WAXMAN-MARKEY’S ENDANGERMENT MESS
September 11, 2009
Posted by: David Lungren David_Lungren@epw.senate.gov
EPW POLICY BEAT: WAXMAN-MARKEY’S ENDANGERMENT MESS
As EPA prepares to finalize its proposed endangerment finding for greenhouse gases under the Clean Air Act, many are wondering: doesn’t Waxman-Markey take care of that endangerment mess? It’s true that in the bill’s vast wasteland of mandates, restrictions, and controls, there are provisions preempting specific provisions of the Clean Air Act. One such is Section 831, prohibiting EPA from establishing a national ambient air quality standard for greenhouse gas emissions. This is indeed helpful, considering the mess such a standard setting process would cause.
Yet despite this and other narrow preemption provisions, Waxman-Markey is in no way a panacea for endangerment, as there is nothing in the bill that overturns Massachusetts v. EPA, or blocks EPA from making an endangerment finding (not to mention tying the hands of Interior and NOAA on the Endangered Species Act, or preempting GHG regulation under the National Environmental Policy Act). What’s clear is that the bill’s authors attempted to manage some of the potential results of an endangerment finding. But their attempt, while admirable in some respects, in no way prevents a regulatory nightmare from occurring.
What’s more, Waxman-Markey uses existing provisions of the Clean Air Act to drive emissions reductions. In Section 811, EPA is required to utilize Section 111 of the Clean Air Act to impose new source performance standards on certain sources emitting between 10,000 and 25,000 tons of GHG per year. Also, Section 821 explicitly preserves existing Clean Air Act authority for EPA to regulate GHG emissions from mobile sources. And to make matters worse, Section 705f(3)(C) instructs EPA to “develop strategies and approaches for achieving additional reductions” of GHG beyond those established in the act. One would bet the farm that EPA would use this authority to mandate any and all sources not covered under Waxman-Markey, even to invoke Clean Air Act authorities otherwise preempted by the bill.

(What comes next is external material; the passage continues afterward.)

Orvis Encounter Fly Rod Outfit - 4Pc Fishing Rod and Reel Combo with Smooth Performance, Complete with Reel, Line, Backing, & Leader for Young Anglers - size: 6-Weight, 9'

Beyond the Clean Air Act, the bill only temporarily preempts state cap-and-trade regimes. Section 861 says that “no state or political subdivision thereof” shall implement a cap-and-trade system between 2012 and 2017. This explicitly leaves open the possibility of states pursuing cap-and-trade after 2017, and clearly does not preempt regional cap-and-trade programs at any time. And Section 861 explicitly preserves “any other standard, regulation, or program” to reduce GHG at the state level.
These provisions offer a hard lesson for those hawking Waxman-Markey as the trump card for endangerment, or as a “comprehensive” solution to global warming. No one doubts that the endangerment finding will lead to a regulatory miasma. And Waxman-Markey will do nothing to stop it.